Saint Alexander Briant, SJ

Born : 1556
Died : Dec 1, 1581
Beatified : Dec 9, 1886
Canonised : Oct 25, 1970

by; or by Matthaus Greuter (Greuther); Paul Maupin (Maupain),print,published 1608

Alexander Briant was born in Somerset, England. He studied at Hart Hall, Oxford, where one of his teachers was Robert Persons who later became a Jesuit. As Alexander did not find the new religion of Elizabeth I to his liking, he crossed the Channel in August 1577 to study at the English College in Douai where he was reconciled to the Catholic Church. He studied theology and was ordained a Diocesan priest in 1578.

He returned to England in 1579 and took up his ministry in his native homeland but his apostolate lasted for less than two years before he was arrested by priest-hunters by accident when he was visiting Fr Robert Persons who the priest-hunters were tracking down. The two priests had great esteem for each other and Fr Briant also succeeded in bringing Fr Persons’ father back into the Church.

As Fr Briant refused to divulge any information on Fr Persons, he was transferred to the Tower for interrogation and severe torture on the rack but he did not break under torture. Fr Briant wrote to the English Jesuits about his torture saying that he kept his mind so firmly set on Christ’s Passion that he felt no pain during the torture, only after it was over. He was also determined to enter the Jesuits if he were released from prison but as he doubted that he would be released, he asked to be accepted into the Society which the Jesuits did upon receipt of his letter.
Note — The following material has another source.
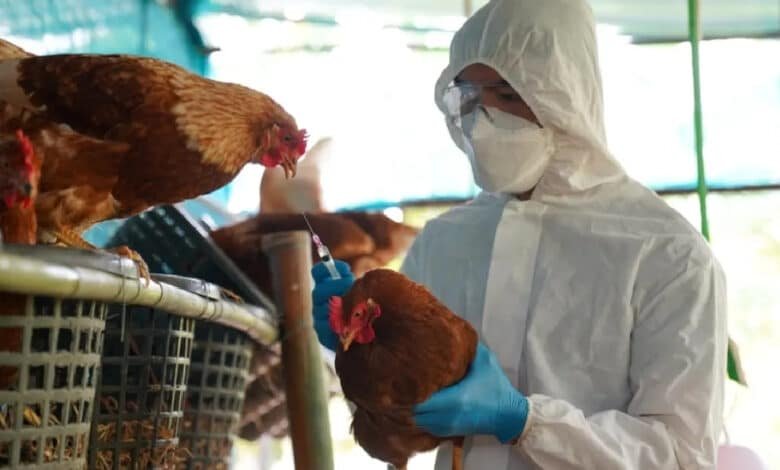 ¿Existe vacuna para la gripe aviar H5N2?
On Nov 21, 1581, the day after Fr Edmund Campion had been tried, Fr Briant and six other priests were tried at Westminster Hall. He entered the Hall holding a small wooden cross that he had made and kept looking at it during the trial. When a Protestant minister standing next to him snatched it from his hands, Fr Briant said: “You can tear it from my hands, but you cannot tear it from my heart. I shall die for him, who first died for me.” He was charged with having taken an oath against the queen’s life while at Rome and at Rheims, though he had never been in Rome or in Rheims when the alleged oath was supposed to have taken place. Nevetheless, he was found guilty of the charge and condemned to die as a traitor.

Fr Briant was dragged through the muddy streets of London to Tyburn together with Fr Campion, SJ and Fr Ralph Sherwin, a diocesan priest. When his turn came, Fr Briant courageously mounted the cart beneath the gallows, made a public profession of his Catholic faith, and expressed joy that God had chosen him to die in the company of the other two martyrs. He was hanged but was cut down while still alive so that he could also suffer disembowelment. He was then beheaded and his body quartered. Fr Briant was only twenty-five years old when he suffered martyrdom for his religion. He was the third Jesuit martyr to die at Tyburn on Dec 1, 1581.